Google made the announcement on its Google Play Google+ page on Tuesday and the offer follows the publication of data from Edison Research that shows its music streaming service has only managed to amass a 3% market share in the US since its launch in May.
That makes it the country's fifth most popular internet radio and music streaming service, behind Spotify (6%) in fourth and Apple's iTunes Radio (8%) in third. Pandora is currenlty the most popular internet radio and streaming service in the US, with a 31% share of the market. However, it has taken the company 14 years to arrive at that point.
Competition within the music streaming space is expected to become white hot over the course of 2014 as existing companies such as Spotify attempt to build their market share and new entrants from Apple and Google to Beats Music attempt to make a splash too.
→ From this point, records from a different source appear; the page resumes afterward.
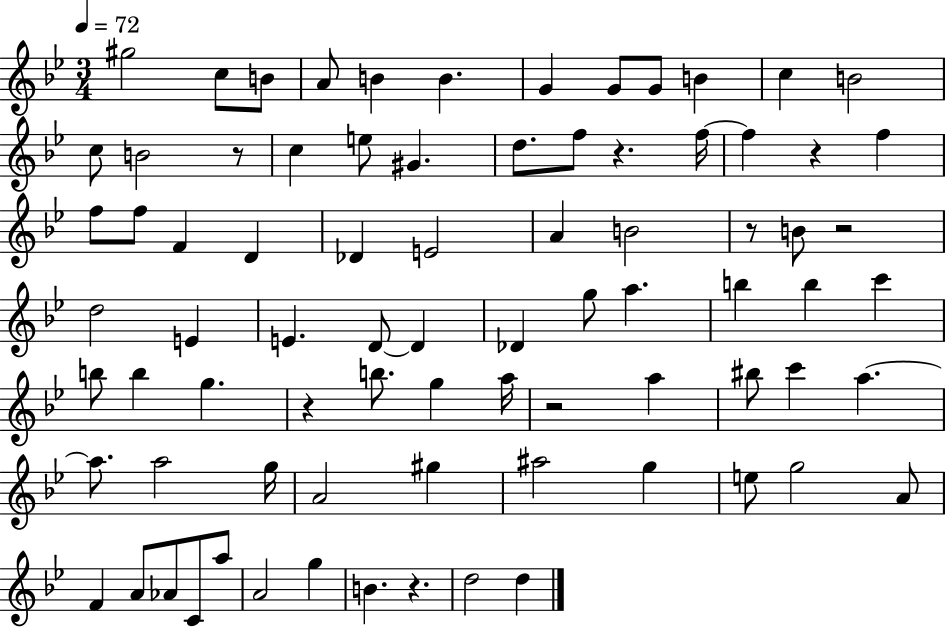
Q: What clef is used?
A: treble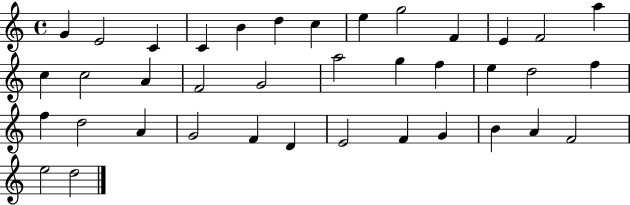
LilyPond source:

{
  \clef treble
  \time 4/4
  \defaultTimeSignature
  \key c \major
  g'4 e'2 c'4 | c'4 b'4 d''4 c''4 | e''4 g''2 f'4 | e'4 f'2 a''4 | \break c''4 c''2 a'4 | f'2 g'2 | a''2 g''4 f''4 | e''4 d''2 f''4 | \break f''4 d''2 a'4 | g'2 f'4 d'4 | e'2 f'4 g'4 | b'4 a'4 f'2 | \break e''2 d''2 | \bar "|."
}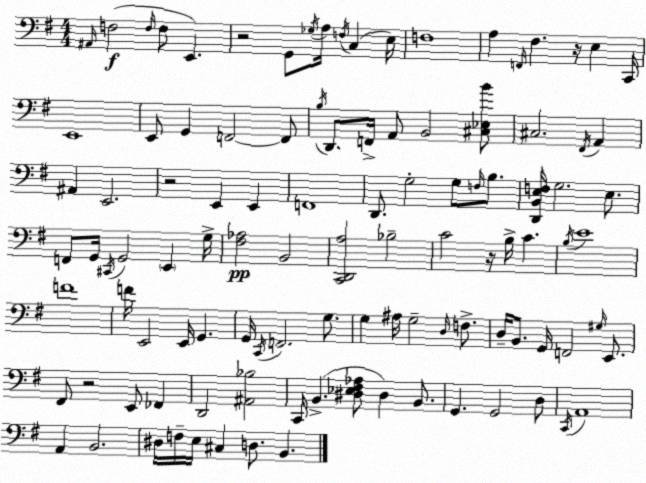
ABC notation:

According to a report in the Los Angeles Times published on Tuesday, Apple is already "pressuring" major record labels to offer it more exclusive releases like the recent Beyoncé album that launched solely on iTunes and solely in full album form, in order to fight off increasing competition from streaming services.
Google's offer is valid until September and is open to Chromebook owners in Australia, Austria, Belgium, the Czech Republic, Finland, France, Germany, Hungary, Ireland, Italy, Liechtenstein, Luxembourg, Mexico, the Netherlands, New Zealand, Portugal, Russia, Spain, Switzerland, the UK and the US.